Out-Law News | 07 Aug 2018 | 4:04 pm | 2 min. read

Member contributions to the Universities Superannuation Scheme (USS) are to increase by 3.7 percentage points by 2020, in order to ensure that accrued benefits will be able to be paid in full.

Contributions would be increased on a phased basis, beginning on 1 April 2019, according to the USS proposal. Employer contributions would also increase. A 60-day statutory consultation period, during which the views of scheme members and sponsoring employers will be sought, will begin next month, according to the USS.

Pensions expert Nick Stones of Pinsent Masons, the law firm behind, said that the proposal was "to some extent inevitable in the face of the increasing costs of providing the pension promise and an absence of any consensus between employers and workforce as to how to manage these costs".

"It is to be hoped that some agreement can be reached in the near term," he said.

"Interestingly, the public sector schemes have similar mechanisms to share material costs increases between employers and employees, although whether they would be used is more a matter of politics than economics," he said.

"There are higher education institutions both within the orbit of the USS and those outside in the LGPS/TPS environment which are thinking in a more radical manner as to how to shape themselves and the advantages that may flow from alternative legal structures such as the ability to offer a pension scheme in lieu of USS or the like. Whether this bears fruit and becomes the norm may depend on what is agreed in the coming months," he said.

USS is the principal pension scheme for academic and senior administrative staff at UK universities and other higher education and research institutions. The scheme, which manages more than £60 billion worth of pension assets on behalf of around 350 employers, is operating at a deficit of around £7.5 billion, meaning that it is 89% funded, according to its recently-published 2017 valuation exercise.

The scheme has proposed increasing both member and employer contributions based on a 35:65 'cost sharing' ratio. Member contributions would increase from the current 8% of salary to 8.8% on 1 April 2019, then to 10.4% on 1 October 2019 and 11.7% on 1 April 2020. Employer contributions would increase from 18% of salary to 19.5% on 1 April 2019, 22.5% on 1 October 2019 and 24.9% on 1 April 2020.

Without these increases, the scheme's deficit will increase by an estimated £900 million each year, putting accrued benefits at risk, the USS said.
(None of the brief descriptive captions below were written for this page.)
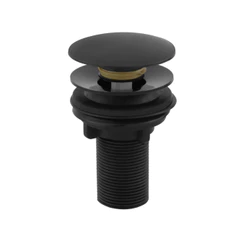 Valvula Click 7/8 Abs Preto Fosco Black Matte Para Pia Lavatório Cuba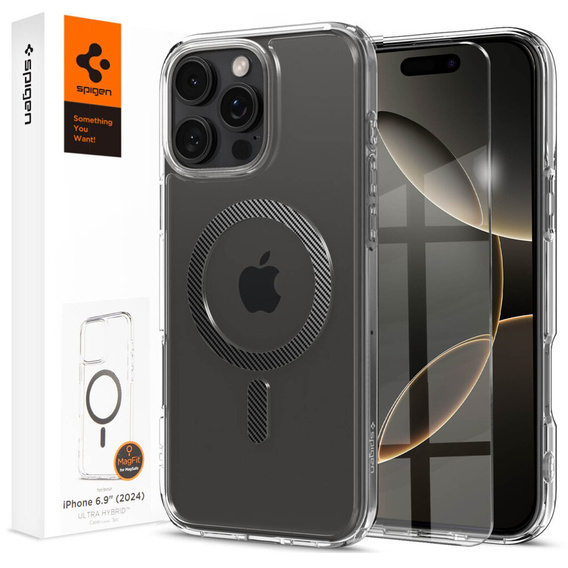 Etui z MagSafe Spigen do iPhone 16 Pro Max, Ultra Hybrid, przezroczyste + Szkło Hartowane 9H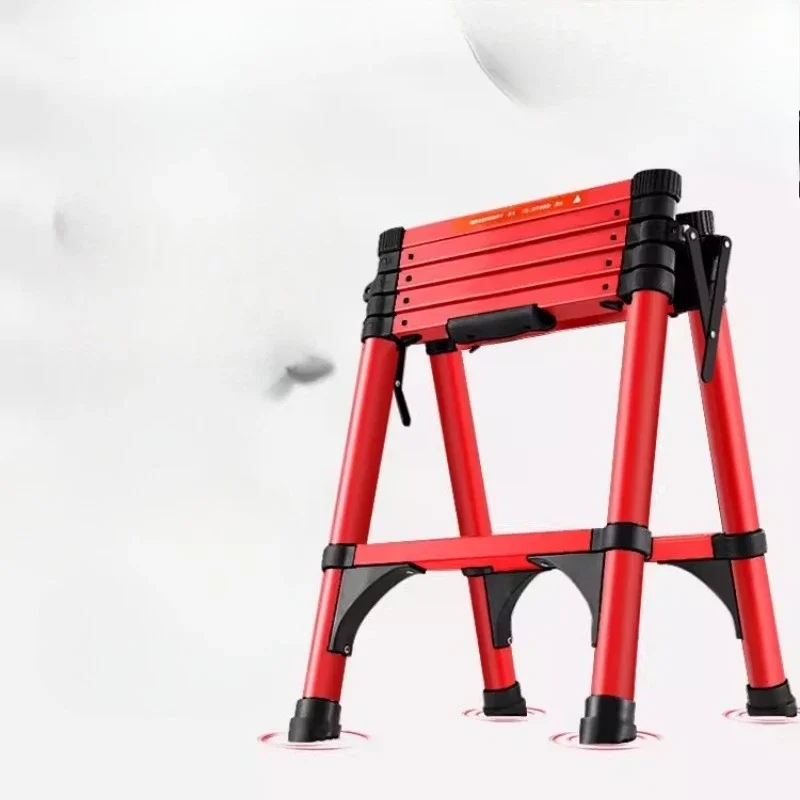 Red Aluminum Folding Step Ladder - Telescoping 4-5 Step Household Stool for Home, Kitchen & Moving, Multifunctional & Portable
However, it said that it was "hopeful" that a joint negotiating council made up of university and staff union representatives would come up with their own proposals to ensure sustainability of the scheme.

Last year, the USS proposed closing the defined benefit (DB) section of the scheme to future accrual in order to address the scheme's growing deficit. The proposal, which prompted a series of strikes by university staff, has been put on hold pending a review by the joint committee, which is due to report on its findings next month.